■ **Stored entries**:
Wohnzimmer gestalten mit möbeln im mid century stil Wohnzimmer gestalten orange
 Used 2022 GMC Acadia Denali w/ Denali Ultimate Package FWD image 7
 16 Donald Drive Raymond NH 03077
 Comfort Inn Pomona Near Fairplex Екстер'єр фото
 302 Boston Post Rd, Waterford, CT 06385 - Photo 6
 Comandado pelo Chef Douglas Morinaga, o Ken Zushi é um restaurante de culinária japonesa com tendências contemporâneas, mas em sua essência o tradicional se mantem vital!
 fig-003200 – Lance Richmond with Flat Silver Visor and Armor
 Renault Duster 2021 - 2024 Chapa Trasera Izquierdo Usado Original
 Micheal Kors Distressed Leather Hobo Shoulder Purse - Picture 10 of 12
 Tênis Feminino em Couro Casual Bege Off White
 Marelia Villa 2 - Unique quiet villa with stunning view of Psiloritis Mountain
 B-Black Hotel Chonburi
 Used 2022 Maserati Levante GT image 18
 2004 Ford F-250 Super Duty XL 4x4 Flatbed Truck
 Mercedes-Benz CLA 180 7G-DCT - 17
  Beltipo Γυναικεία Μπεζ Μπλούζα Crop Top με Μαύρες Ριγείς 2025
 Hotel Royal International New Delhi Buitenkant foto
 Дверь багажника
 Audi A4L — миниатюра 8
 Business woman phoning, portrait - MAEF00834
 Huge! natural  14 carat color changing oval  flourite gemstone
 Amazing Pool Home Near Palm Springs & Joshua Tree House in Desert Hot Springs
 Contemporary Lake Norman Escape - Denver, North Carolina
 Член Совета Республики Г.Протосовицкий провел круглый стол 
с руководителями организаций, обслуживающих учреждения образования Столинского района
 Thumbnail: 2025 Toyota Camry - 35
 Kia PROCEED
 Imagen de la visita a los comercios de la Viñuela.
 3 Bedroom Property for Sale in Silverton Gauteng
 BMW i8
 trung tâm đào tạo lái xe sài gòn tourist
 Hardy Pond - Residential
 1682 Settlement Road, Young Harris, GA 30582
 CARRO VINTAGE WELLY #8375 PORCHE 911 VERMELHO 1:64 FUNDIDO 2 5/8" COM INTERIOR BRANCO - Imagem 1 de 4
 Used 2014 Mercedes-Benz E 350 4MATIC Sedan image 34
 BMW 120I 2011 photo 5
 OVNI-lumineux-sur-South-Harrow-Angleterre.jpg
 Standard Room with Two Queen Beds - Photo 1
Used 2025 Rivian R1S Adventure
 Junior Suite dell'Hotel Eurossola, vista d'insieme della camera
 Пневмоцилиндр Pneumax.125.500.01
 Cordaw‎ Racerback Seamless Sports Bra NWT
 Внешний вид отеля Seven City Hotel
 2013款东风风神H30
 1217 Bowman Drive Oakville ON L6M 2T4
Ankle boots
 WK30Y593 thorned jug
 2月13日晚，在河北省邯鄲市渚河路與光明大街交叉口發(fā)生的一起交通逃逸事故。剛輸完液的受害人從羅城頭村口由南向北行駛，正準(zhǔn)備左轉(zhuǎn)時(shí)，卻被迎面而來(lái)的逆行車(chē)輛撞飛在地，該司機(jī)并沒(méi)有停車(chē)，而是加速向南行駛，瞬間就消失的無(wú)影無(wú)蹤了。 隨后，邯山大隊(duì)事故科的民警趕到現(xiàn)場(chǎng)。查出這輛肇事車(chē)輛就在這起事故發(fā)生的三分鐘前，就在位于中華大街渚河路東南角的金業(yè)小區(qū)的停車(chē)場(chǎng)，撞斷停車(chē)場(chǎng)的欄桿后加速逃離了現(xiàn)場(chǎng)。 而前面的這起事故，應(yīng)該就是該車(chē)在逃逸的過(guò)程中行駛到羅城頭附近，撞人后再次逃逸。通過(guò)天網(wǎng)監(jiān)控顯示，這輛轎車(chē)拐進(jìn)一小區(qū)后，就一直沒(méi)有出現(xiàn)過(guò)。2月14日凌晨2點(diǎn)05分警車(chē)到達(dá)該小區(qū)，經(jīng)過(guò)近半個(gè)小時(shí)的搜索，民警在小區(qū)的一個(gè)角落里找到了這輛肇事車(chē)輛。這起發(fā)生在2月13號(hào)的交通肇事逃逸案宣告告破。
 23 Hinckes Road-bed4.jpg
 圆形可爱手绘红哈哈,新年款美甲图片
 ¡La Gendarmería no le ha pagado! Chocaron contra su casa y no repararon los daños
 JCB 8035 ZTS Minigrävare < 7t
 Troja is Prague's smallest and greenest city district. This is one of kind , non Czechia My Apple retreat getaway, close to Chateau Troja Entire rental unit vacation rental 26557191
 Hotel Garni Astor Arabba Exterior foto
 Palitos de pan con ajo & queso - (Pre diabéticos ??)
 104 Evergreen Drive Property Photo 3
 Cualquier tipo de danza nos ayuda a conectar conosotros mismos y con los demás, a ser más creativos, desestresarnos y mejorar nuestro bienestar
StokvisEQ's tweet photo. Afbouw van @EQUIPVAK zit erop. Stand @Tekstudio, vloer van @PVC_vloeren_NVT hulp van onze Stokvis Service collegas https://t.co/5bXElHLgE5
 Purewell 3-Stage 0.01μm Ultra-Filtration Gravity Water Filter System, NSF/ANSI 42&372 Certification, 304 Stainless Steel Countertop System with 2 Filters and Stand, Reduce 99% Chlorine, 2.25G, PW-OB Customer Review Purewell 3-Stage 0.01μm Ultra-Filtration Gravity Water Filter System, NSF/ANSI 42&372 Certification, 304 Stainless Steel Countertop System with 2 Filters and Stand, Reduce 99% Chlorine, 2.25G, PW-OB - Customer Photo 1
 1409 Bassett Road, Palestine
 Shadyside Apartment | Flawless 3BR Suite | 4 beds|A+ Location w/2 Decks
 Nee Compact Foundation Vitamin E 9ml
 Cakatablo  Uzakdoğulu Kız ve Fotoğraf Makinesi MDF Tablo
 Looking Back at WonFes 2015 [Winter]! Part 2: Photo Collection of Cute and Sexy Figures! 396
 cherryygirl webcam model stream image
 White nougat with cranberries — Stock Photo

■ **WORK REQUEST**:
For the lines above, output exactly those from the line containing "Micheal Kors Distressed Leather" through the line containing "Used 2022 Maserati Levante GT image 18", and skip the others.

■ **EXERCISE RESULT**:
 Micheal Kors Distressed Leather Hobo Shoulder Purse - Picture 10 of 12
 Tênis Feminino em Couro Casual Bege Off White
 Marelia Villa 2 - Unique quiet villa with stunning view of Psiloritis Mountain
 B-Black Hotel Chonburi
 Used 2022 Maserati Levante GT image 18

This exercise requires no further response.